Working with AI is the same as before
Experts are telling us that managing people who use AI tools requires a shift in how you lead. While there is truth in that perspective, I think it’s more straightforward than the hype suggests.
Understand what the AI can and can’t do. You don’t need to know how to create an AI, but you should understand how the tool works at a basic level, how instructions become output, and when to trust but verify the output.
Know what good looks like. AI can do quantity, but can’t do quality. If you don’t know what good work looks like, you won’t be able to guide or correct the tool. Your expertise becomes more important, not less.
See the whole system, not just one task. AI tools are part of the process. Think about where people do the work, where this automation can fit, and what happens when something breaks. Accountability and hand-offs still matter.

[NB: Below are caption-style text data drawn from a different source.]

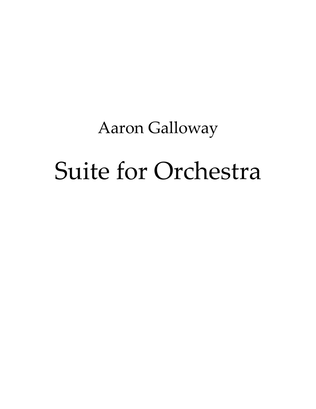 Suite for String Orchestra in G minor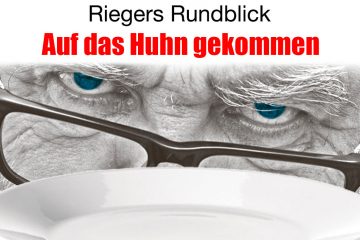 Auf das Huhn gekommen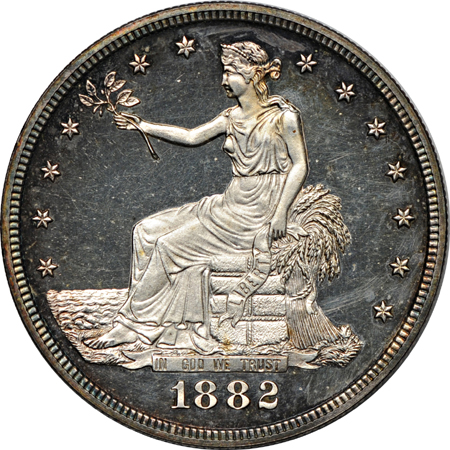 1882 PF-62 CAMEO.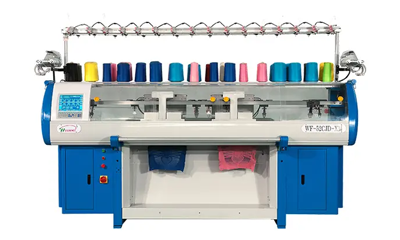 Knitted Shoe Uppers Made Easy: The Role of Flat Knitting Machines in Footwear Innovation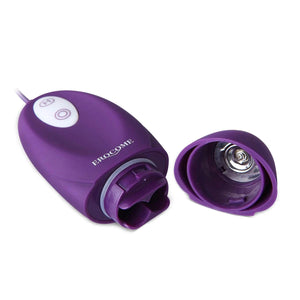 Erocome Lyra Duo Remote Control Egg Vibrator Purple Buy in Singapore LoveisLove U4ria 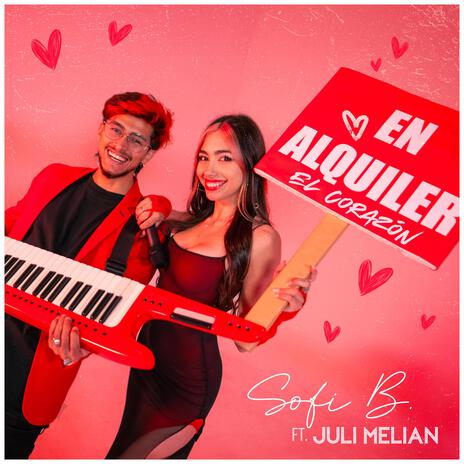 En Alquiler El Corazón ft. Juli Melian | Boomplay Music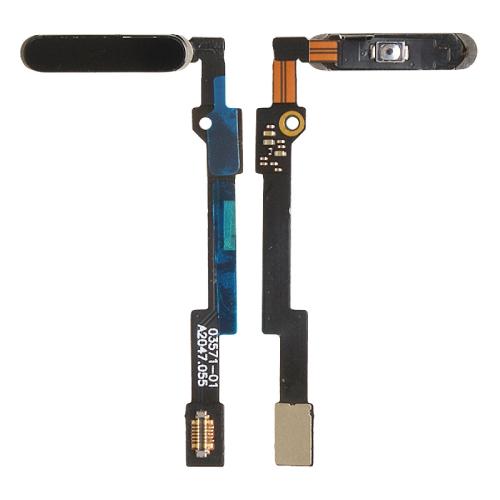 D81189 – Space Gray Home Button Connector with Flex Cable Ribbon for iPad …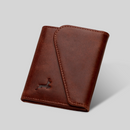 Slim Bifold Leather Wallet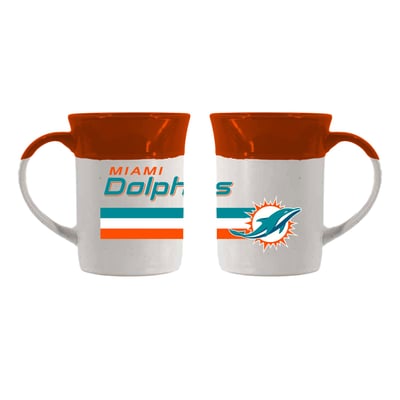 Miami Dolphins The Memory Company 15oz. Ceramic Speckled Mug
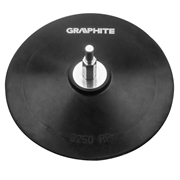 Immagine di DISCO IN GOMMA - GRAPHITE 55H823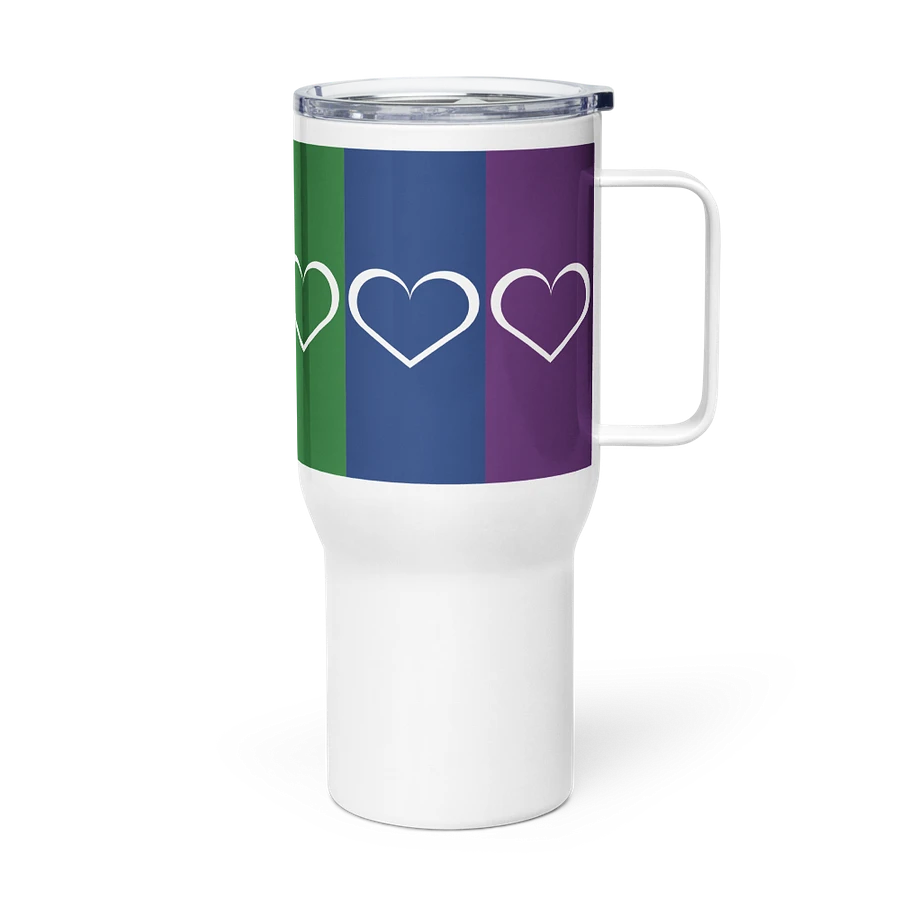 Rainbow Hearts - Travel Mug product image (4)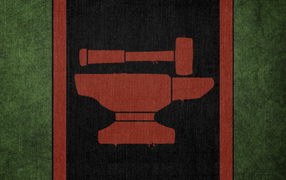 Молот и наковальня, фон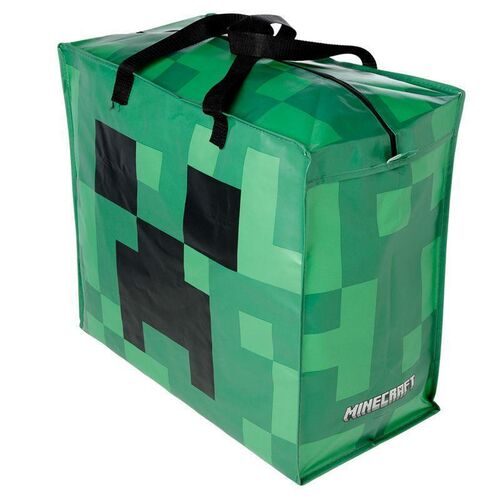 Bolsa de Almacenaje - Creeper Minecraft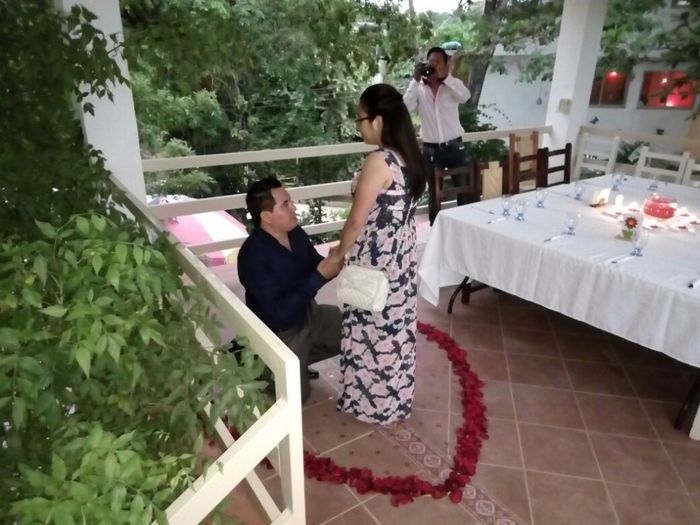 Entrega de anillo 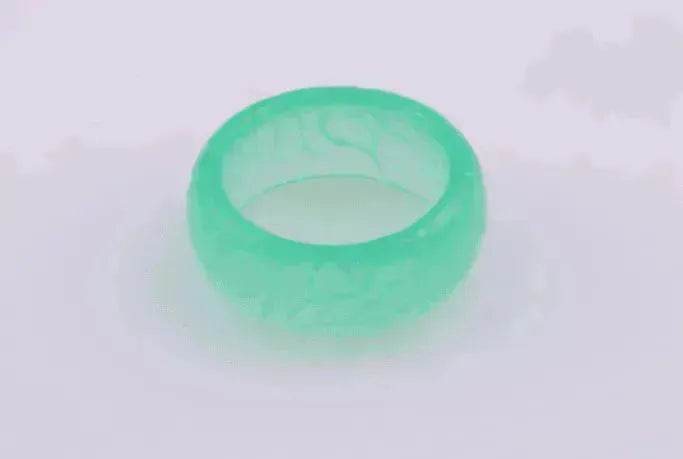 Fashionable Luminous Resin Ring - EX-STOCK Canada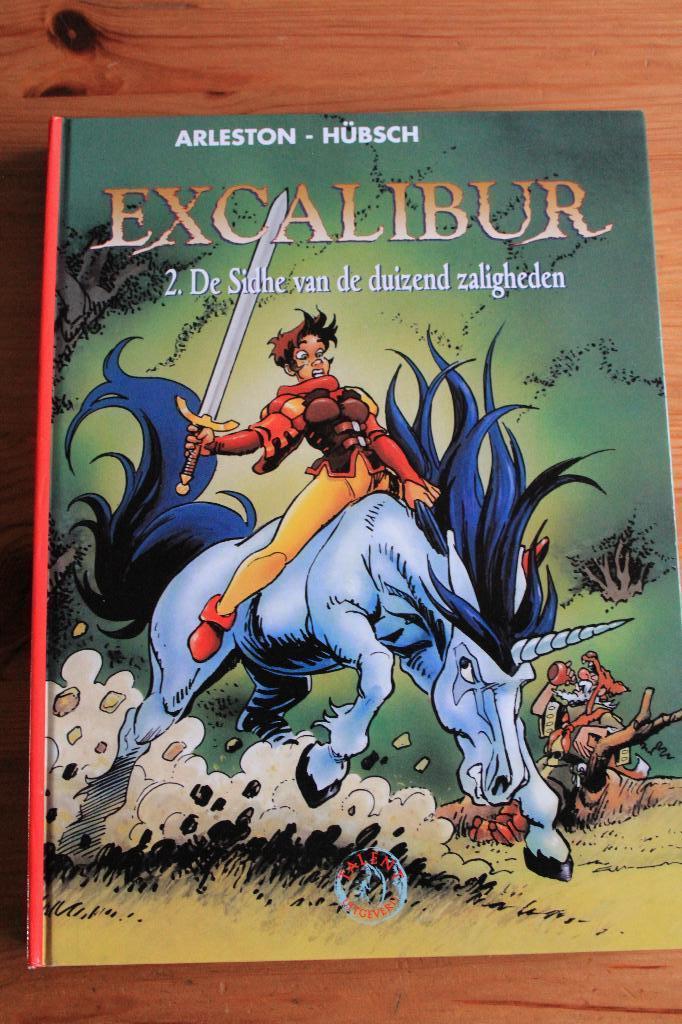 Excalibur                         HC, Boeken, Stripverhalen, Zo goed als nieuw, Meerdere stripboeken, Ophalen of Verzenden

Get comfortable with constant adjustment. AI is moving quickly. That means you’ll need to keep testing, learning, and tweaking. Plan to revisit and refine it, just like the software you already have.
Be precise with instructions. Clear, structured instructions lead to better results. Vague directions require the AI to make judgements with incomplete context and make a statistically significant guess.
Realign roles on purpose. AI is taking the mechanics out of the work. We still need people to make judgements. Remind people that you rely on them for the quality of the outcomes.
This sounds like common sense, probably because it is. The fundamentals haven’t changed. The technology has.